15. Combine all topping ingredients in a separate bowl. Mix well, using your hands to work the coconut oil evenly into the oats.

16. Spread the topping evenly over the fruit.

17. Serve as is, or with a spoonful of plain yogurt or a small pour of cream.

Why this supports heart health: The oats contain beta-glucan, a form of soluble fiber that helps support healthy blood sugar levels. Cinnamon also supports blood sugar stability. The healthy fats from coconut oil and nuts slow the absorption of the natural sugars in the fruit, giving your body a slow, steady energy release instead of a spike. Chia seeds contribute omega-3 fats your body uses to build and repair cells. And the blueberries bring antioxidants that help support healthy inflammation levels throughout the body.

The Real Foundation of Heart Health

For years we were told to fear salt, avoid fat, and lower cholesterol at all costs.

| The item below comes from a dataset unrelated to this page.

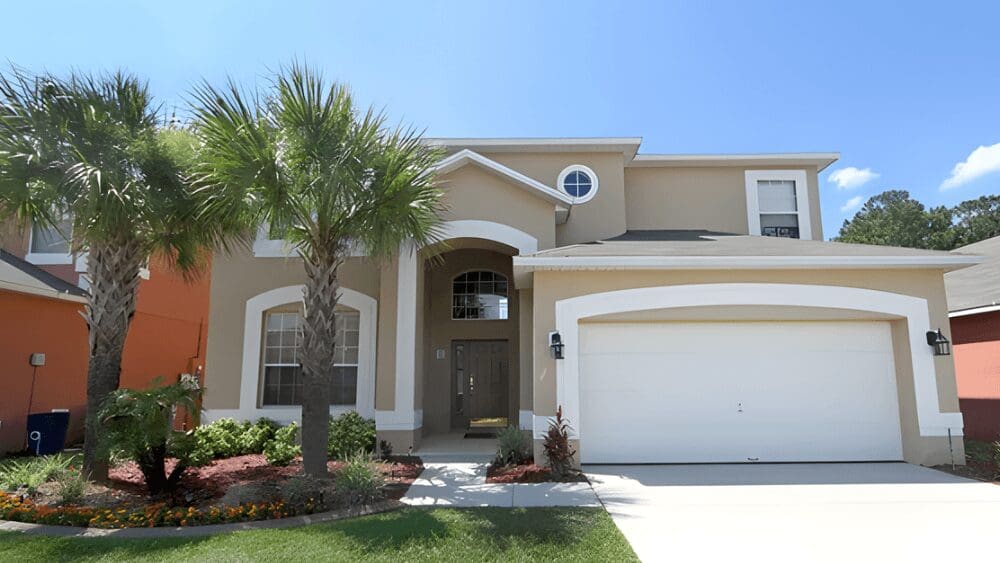 DustinMPeyser's tweet image. We Buy Houses Niceville: Top 5 Companies 👉 Reveal Your ROI #WeBuyHouses #Niceville #HomeSelling #RealEstate #HouseBuyers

But real heart health does not come from avoiding things. It comes from giving your body what it actually needs.

Salt with minerals helps your cells stay balanced and communicate properly. Real fats give your body the building blocks it needs for healthy cells, hormones, and brain function. And cholesterol is not the enemy. It is a signal worth paying attention to.

When you start eating this way, something interesting happens. You get full faster, because real food actually satisfies.

Your energy steadies. The bloating settles. Your body starts doing what it has always known how to do.

It just needed the right materials to work with.